Roz Chast


Rosalind "Roz" Chast is an American cartoonist and a staff cartoonist for The New Yorker. Since 1978, she has published more than 800 cartoons in The New Yorker. She also publishes cartoons in Scientific American and the Harvard Business Review.
In recognition of her work, Comics Alliance listed Chast as one of twelve women cartoonists deserving of lifetime achievement recognition. In May 2017, she received the Alumni Award for Artistic Achievement at the Rhode Island School of Design commencement ceremony.

Early life and education

Chast grew up in the Flatbush section of Brooklyn, the only child of George Chast, a high school French and Spanish teacher who subscribed to The New Yorker, and Elizabeth, an assistant principal in an elementary school. Her Jewish parents were children during the Great Depression, and she has spoken about their extreme frugality. She graduated from Midwood High School in Brooklyn, and attended Kirkland College. She studied at the Rhode Island School of Design and received a BFA in painting in 1977. She also holds honorary doctorates from Pratt Institute and Dartmouth College, and is a member of the American Academy of Arts and Sciences.

Career

Chast's subjects often deal with domestic and family life. In a 2006 interview with comedian Steve Martin for the New Yorker Festival, Chast revealed that she enjoys drawing interior scenes, often involving lamps and accentuated wall paper, to serve as the backdrop for her comics.

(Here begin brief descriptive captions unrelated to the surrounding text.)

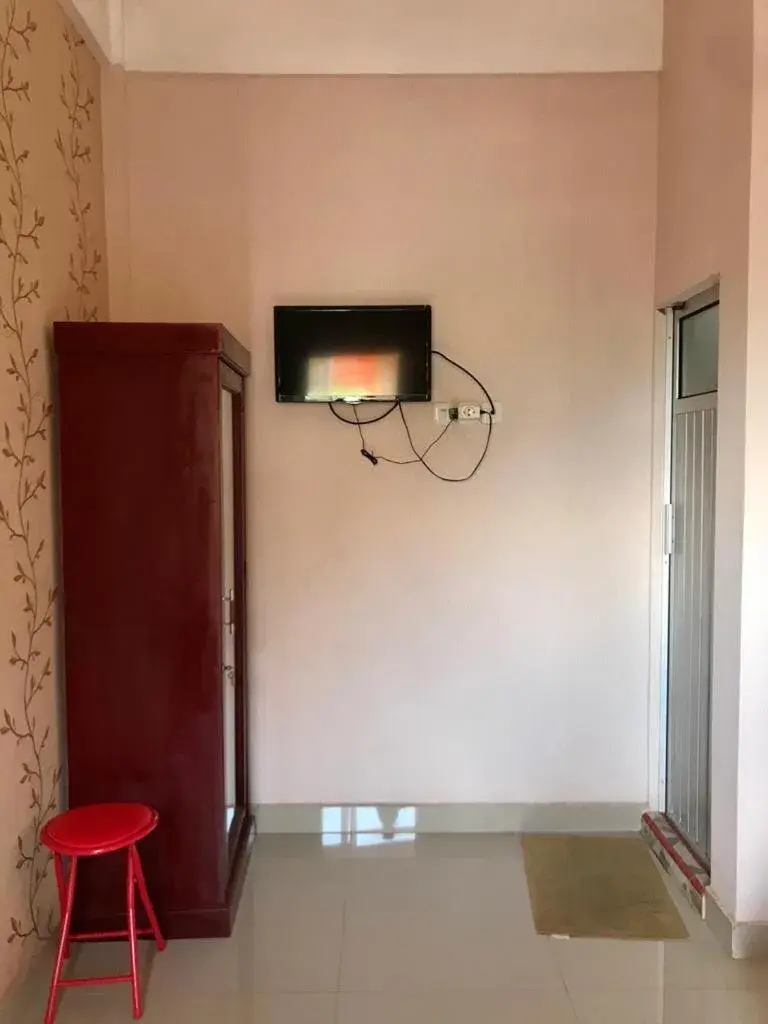 Economy Single Room in Penginapan Intan Bandara Economy Single Room in Penginapan Intan Bandara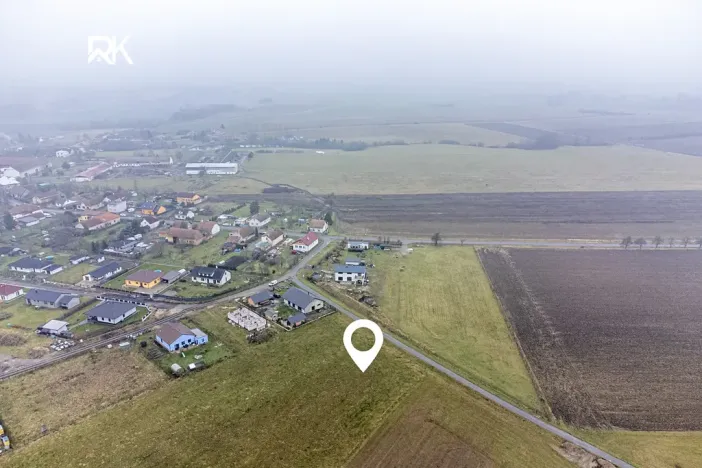 Prodej pozemku pro bydlení, Uhersko, 944 m2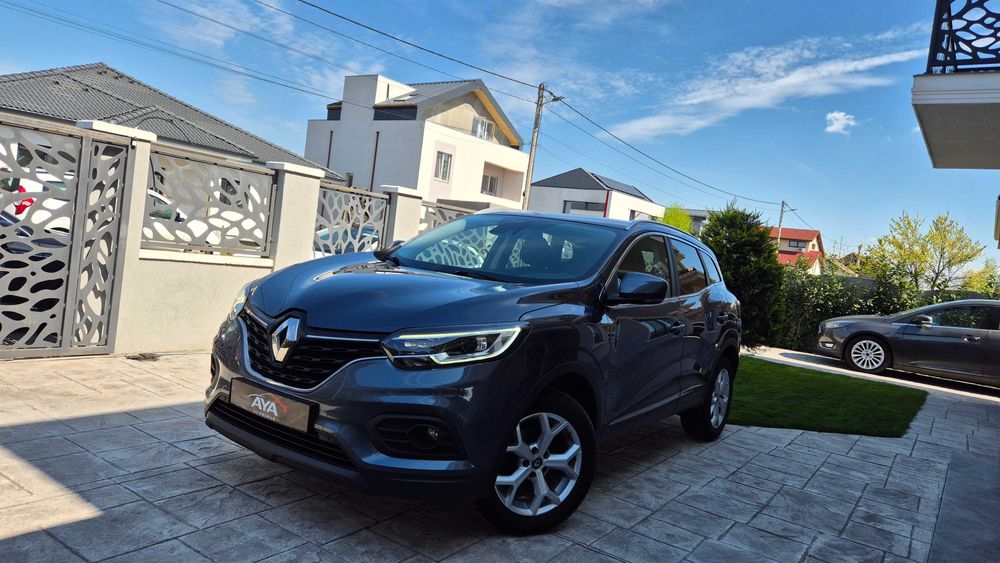 Renault/Kadjar/Benzina/Led/Navi/6+1 viteze/Model 2022/Keyless Goo/Entry/Euro6/Dublu Climatronic/140 Cp/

Her comics reflect a "conspiracy of inanimate objects", an expression she credits to her mother.
Her first New Yorker cartoon, Little Things, was sold to the magazine in April 1978. The cartoon, which Chast describes as "peculiar and personal", shows a small collection of "Little Things"—strangely-named, oddly-shaped small objects such as "chent", "spak", and "tiv". Chast's drawing style shuns conventional craft in her figure drawing, perspective, shading, etc.; this approach is similar to that of several other female cartoonists, notably Aline Kominsky-Crumb and Lynda Barry. A significant part of the humor in Chast's cartoons appears in the background and the corners of the frames.
Her New Yorker cartoons began as small black-and-white panels, but increasingly used more color and her work often appears over several pages. Her first cover for The New Yorker was on August 4, 1986, showing a lecturer in a white coat pointing to a family tree of ice cream.
She has written or illustrated more than a dozen books, including Unscientific Americans, Parallel Universes, Mondo Boxo, Proof of Life on Earth, The Four Elements and The Party After You Left: Collected Cartoons 1995–2003. In 2006, Theories of Everything: Selected Collected and Health-Inspected Cartoons, 1978–2006 was published, collecting most of her cartoons from The New Yorker and other periodicals. One characteristic of her books is that the "author photo" is always a cartoon she draws of, presumably, herself. The title page, including the Library of Congress cataloging information, is also hand-lettered by Chast.
Her book Can't We Talk About Something More Pleasant? is a graphic memoir, combining cartoons, text, and photographs to tell the story of an only child helping her elderly parents navigate the end of their lives.
She is represented by the Danese/Corey gallery in Chelsea, New York City.

Personal life

She lives in Ridgefield, Connecticut with her husband, humor writer Bill Franzen. They have two children.